The apocryphal writings of the New Testament translated from the Greek are extensive. There is, however, an obvious difference between them and the originals such as the Testament of Our Lord which appears in the Consittutions Apostolorum, believed to have been written in the beginning of the fifth century, the fabricated Gospel of the Infancy of our Lord also written in the fifth century and later the Doctrina Apostolorum written in the middle of the third century, the letter of St. Jacob Bishop of Jerusalem to the Christian Italian Cydorotus informing him of the judgement of Tiberius Caesar against the Jews, and the minutes of the trial of our Lord before Pontius Pilate (which was copied from the Gospel of Nicodemus together with the letters of Herod and Pilate whose copy was found in the Didascalia Apostolorum preserved in our Church in Midyat and is believed to have been transcribed around the eighth century). It was published by Mgr. Rahmani in the second volume of his Studia Syriaca.4
Regarding the story of the Virgin Mary and the Life of Our Lord on Earth, it may be said that they were abridged from the protevangelium Jacobi and the Gospels of St. Matthew, the Gospel of the Infancy of Our Lord or the Gospel of St. Thomas the Hebrew and the Gospel of the Nativity and Assumption of the Virgin in six chapters (extant in many libraries, one being a copy from our patriarchal library in Hims finished in 1468; it was translated into English and published by Wright in London in 1865,5 and was republished by Mrs. A. Lewis in 1902 after a copy in the Library of Mount Sinai.) The story of the Virgin Mary was translated into English and published by Budge in 1899.

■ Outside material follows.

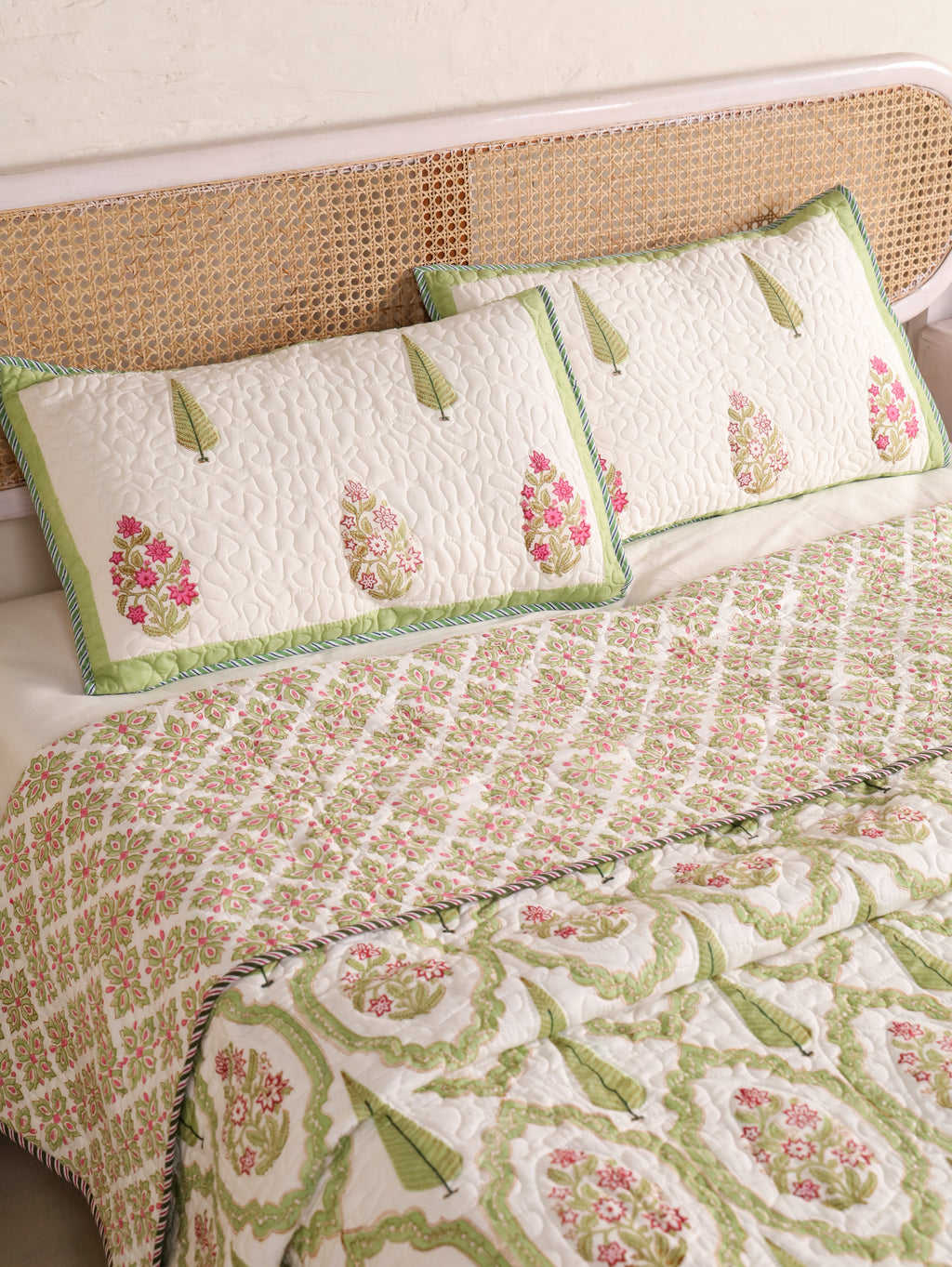 GREEN MUGHAL GARDEN HAND BLOCK PRINT QUILTED BEDCOVER /COMFORTER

Moreover, there survive in Syriac only The Story of Pilate, the Funeral of the Virgin, the Apocalypse of St. Paul, the Death of John, and the Acts of Matthew, Andrew and Thecla.6 The Gospel of the Apostles written in the eighth century was published by Rendel Harris in 1900. A great many copies of the Acts and martyrdom of Peter and Paul, the Life of St. John, the Acts of Philip and the Apostle Thomas called Judas Thomas also survive. There are several copies of these acts apparently written in Syriac around 332 with a Gnostic touch especially the Song of the Soul which is unique and of authentic Syriac origin. It was versified in a six-syllable meter containing one hundred and five refrains. It was edited, translated and published by Bevan in 1897. Also preserved in Syriac are the texts of two treatises on virginity ascribed to St. Clemis (Clement) of Rome (d. 101), but they were most likely written at the end of the third or in the fourth century. The apocryphal teaching of Peter in Rome is of much later period and is remotely connected with the apocryphal Acts of this Apostle.